Replicated data eliminating method based on pre-piecemeal and sliding window
Technical field
The present invention relates to the application that repeating data is eliminated, be specifically related to a kind of replicated data eliminating method based on pre-piecemeal and sliding window.
Background technology
For the memory space expense that reduces data and the bandwidth occupancy when reducing the remote data transmission, need compress data usually.Traditional data compression method utilizes data object (Data Object, below being abbreviated as DO) information redundancy of self in-line coding compresses, this compression method is not considered the old version of the DO to be compressed that other DO(in DO to be compressed and the system has for example stored in the system) between relation, so compression ratio (Compression Ratio that obtains, size after CR=DO original size/DO compression) more limited usually, about average out to 2:1, and CR is subjected to the influence of data object coded format very big, for example to binary file and audio/video file, the effect of conventional compression method is very limited.

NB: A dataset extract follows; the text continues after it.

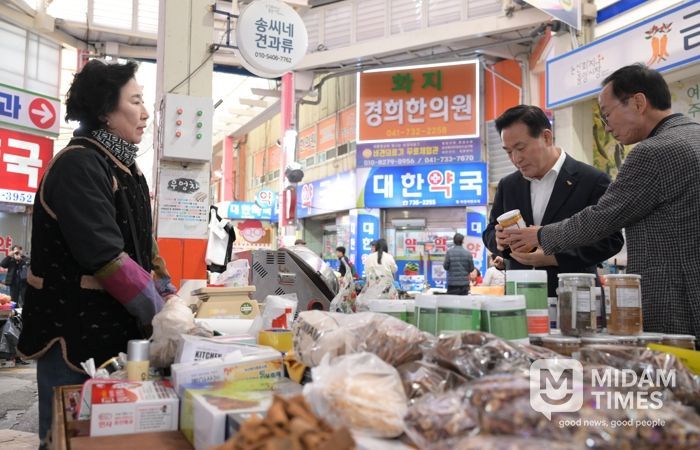 논산시 취암동 번영회&체육회 함께한 ‘3월 전통시장 장보기’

In a lot of applied environments, a lot of identical data are arranged between the different DO in the system, for example in the standby system between the different backup versions of identical file, between the different released versions of same software, between the mail of mass-sending in the mailing system or the like.The repeating data technology for eliminating utilizes the information redundancy between these DO that data are compressed, and can obtain the CR far above the conventional compression method, and is subjected to the influence of data encoding format very little.The repeating data technology for eliminating uses fixed size piecemeal (Fixed Size Chunking, FSC), content-based elongated piecemeal (Content Defined Chunking, CDC), sliding window piecemeal (Sliding Window Chunking, SWC) etc. method is divided into piecemeal (Chunk) continuous, that do not overlap mutually with DO, calculate the unique identifier (ChunkID) of the cryptographic Hash of data among each Chunk, and it is deposited into a Hash table (HT as this Chunk ID) in.DO is that unit stores with Chunk, when writing a new DO, removes to mate HT with the ChunkID of each Chunk of forming this DO IDIn record (be called piecemeal existence inquiry, Chunk Existence Query, CEQ), to the HT that has stored in the system ID(be HT IDIn have the ChunkID match) repeated storage no longer, only store new Chunk and ChunkID thereof.As previously mentioned, owing to may have a lot of common data between the DO, so this method can reduce the physical store amount of data greatly.Because the data that repeat do not need to write again, can also reduce the network data transmission amount greatly when teletransmission DO.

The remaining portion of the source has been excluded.